LISTED RECORDS: Begin

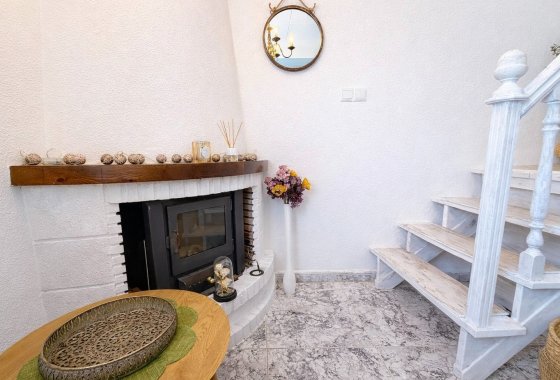 Resale - Terraced house - La Marina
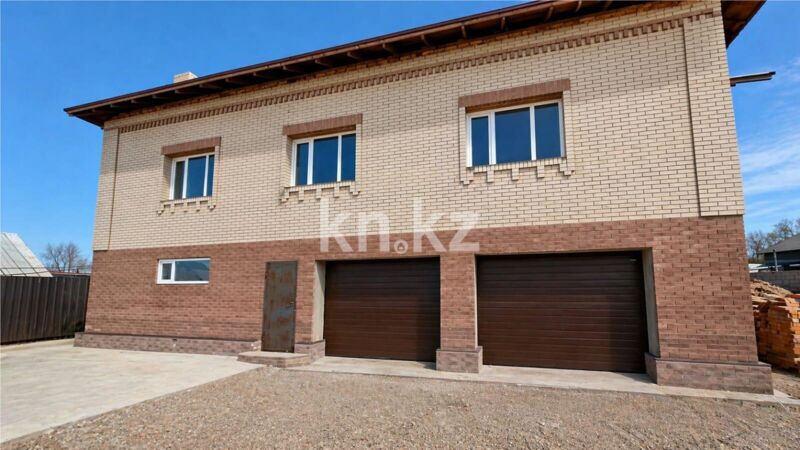 Продажа 5-комнатного дома, 402.5 м² - Продажа домов, коттеджей в Караганде фото 2 из 41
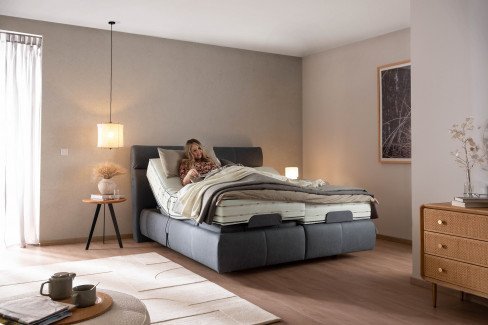 ADA Premium Supreme Comfort Motor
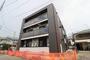 飛田給駅より徒歩2分 1階 築1年11ヶ月の賃貸物件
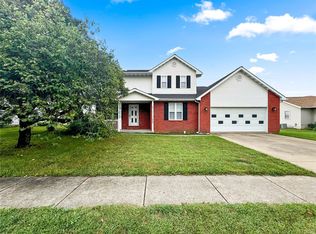 809 Misty Valley Rd, O Fallon, IL 62269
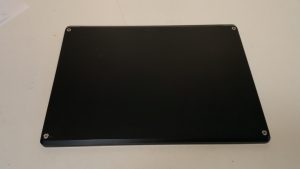 Microsoft Surface Laptop 3 Model 1873 Spares or Repairs - Image 5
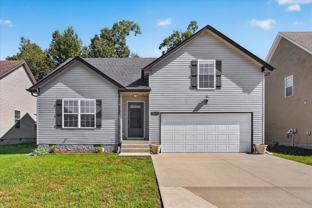 3627 Fox Tail Dr - Photo 1 of 1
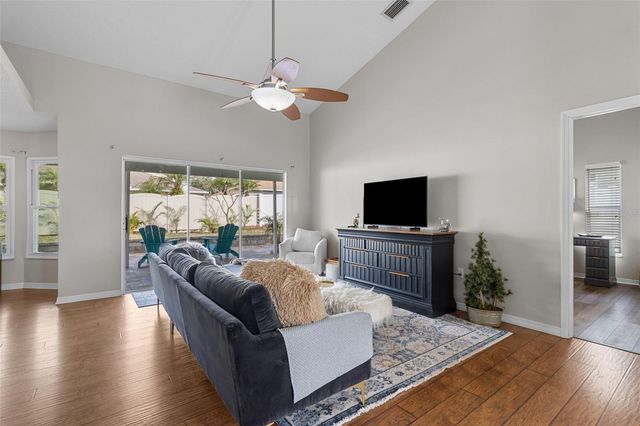 731 BRITTANY PARK BOULEVARD, Tarpon Springs, FL 34689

LISTED RECORDS: End

▶ EXERCISE: Where a picture appears, omit it; otherwise reproduce each line above from the first to the one with "3627 Fox Tail Dr - Photo 1 of 1", inclusive.

▶ EXPECTED ANSWER:
 Resale - Terraced house - La Marina
 Продажа 5-комнатного дома, 402.5 м² - Продажа домов, коттеджей в Караганде фото 2 из 41
 ADA Premium Supreme Comfort Motor
 飛田給駅より徒歩2分 1階 築1年11ヶ月の賃貸物件
 809 Misty Valley Rd, O Fallon, IL 62269
 Microsoft Surface Laptop 3 Model 1873 Spares or Repairs - Image 5
 3627 Fox Tail Dr - Photo 1 of 1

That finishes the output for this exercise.